Мы молчим, думая о том, чего не успеваем сделать. У нас осталось совсем немного времени, чтобы стать теми, кем мы когда-то хотели стать. Джон подавал надежды. Но теперь лучше об этом не говорить. Надежды – товар с ограниченным сроком хранения.
Мы говорим о Саре – легко и без соперничества, будто мы ее дядя и тетя. Мы говорим о моей выставке.
– Ты, наверно, видел, как меня растоптали в газете.
– А тебя растоптали? – спрашивает он.
– Я сама виновата. Нагрубила интервьюерше, – говорю я, пытаясь изобразить раскаяние. – Я уже начала превращаться в сварливую старую ведьму.
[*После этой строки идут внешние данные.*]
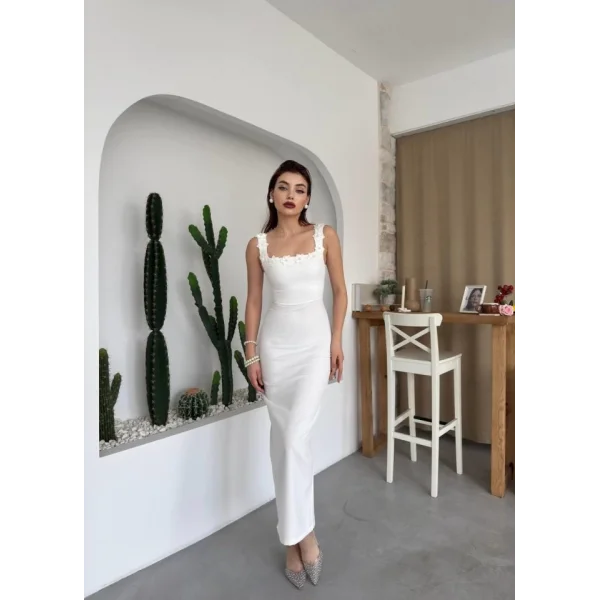 Mıng Çiçek Detaylı Elbise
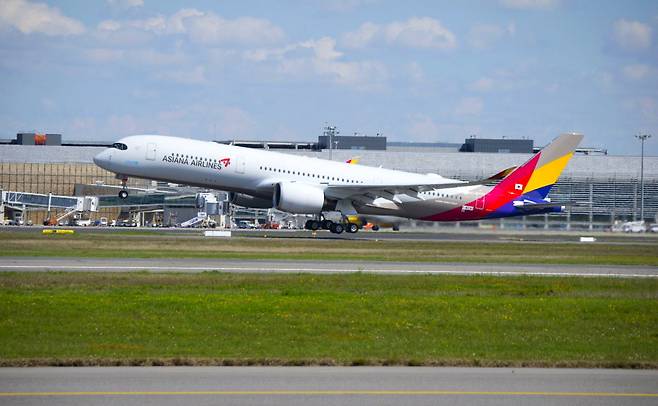 [사진 출처: 아시아나항공]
– Иначе я был бы в тебе разочарован. Пускай журналисты попотеют, им за это платят.
Мы оба смеемся. Он меня знает. И знает, какой какашкой я могу быть.
Я смотрю на него с ностальгией, которую, по слухам, питают мужчины к войне, к боевым товарищам. Я думаю: когда-то я швыряла в этого человека разными вещами. Я швырнула в него стеклянной пепельницей, дешевой, причем она не разбилась. Я швырнула ботинок (его) и сумочку (мою), даже не закрыв ее, так что Джона осыпало дождем ключей и мелочи. Самым тяжелым случаем оказался переносной телевизор: я залезла на кровать и швырнула его в Джона, предварительно раскачавшись на пружинах матраса. Правда, отпустив телевизор, я тут же подумала: «Господи, только бы он увернулся!» Когда-то я думала, что способна убить Джона. Сегодня я лишь слегка сожалею, что мы не были с друг другом более цивилизованны. И все равно меня это изумляет: взрыв, тормоза слетают, обломки в гамме техниколор. Изумительно, мучительно и почти смертельно.
Теперь, когда я в безопасности от него, а он от меня, я могу вспоминать его с нежностью и даже в деталях, чего нельзя сказать о некоторых других мужчинах. Старые любовники, как старые фотографии, выцветают постепенно, будто погруженные в кислоту: сперва исчезают прыщи и родинки, потом тени, потом сами лица, и наконец не остается ничего, кроме общих очертаний. Что останется, когда мне будет семьдесят? Ничего от барочного экстаза, от гротескного влечения. Одно-два слова, зависшие во внутренней пустоте. Может, палец ноги, ноздря или усы еще будут плавать, как завиток водоросли, среди других обломков кораблекрушения.
Напротив меня, по ту сторону черного, как ночь, столика Джон, хоть и съежившийся отчасти, все еще движется и живет. Во мне шевелится узкий серпик боли, тоски: «Не уходи! Еще не время! Побудь со мной!» Будет глупо, как всегда, открыть ему мою сентиментальность, мою слабость.
Нам приносят что-то приблизительно тайское: сочную, пряную курицу, салат из экзотической растительности – красные листья с фиолетовыми искрами. Цветная пища. Так теперь едят – во всяком случае, те, кто ест в подобных заведениях; Торонто перестал быть городом тушеной говядины и переваренных овощей. Я помню, как впервые попробовала авокадо. Мне было двадцать два. Совсем как мой отец с его оркестром. Но сейчас я из духа противоречия скучаю по десертам времен своего детства, лакомствам военных лет – простым, недорогим и пресным: тапиоковой каше с желатинистыми шариками, похожими на рыбьи глаза, карамельному пудингу «Джелл-О», сычужному творогу. Творог делали, сквашивая молоко белыми таблетками, которые продавались в железной трубочке, и подавали с ложкой виноградного варенья. Думаю, такого уже давно никто не готовит.
Джон заказал целую бутылку вина – что там мелочиться по одному стакану. Это тень его прежнего фанфаронства, павлиньего хвоста, и меня она радует.
– Как там твоя жена? – спрашиваю я.
– О, – он опускает взгляд, – мы с Мэри-Джин решили пожить отдельно.
Это, возможно, объясняет появление травяного чая: тайные происки молодого, травоядного существа.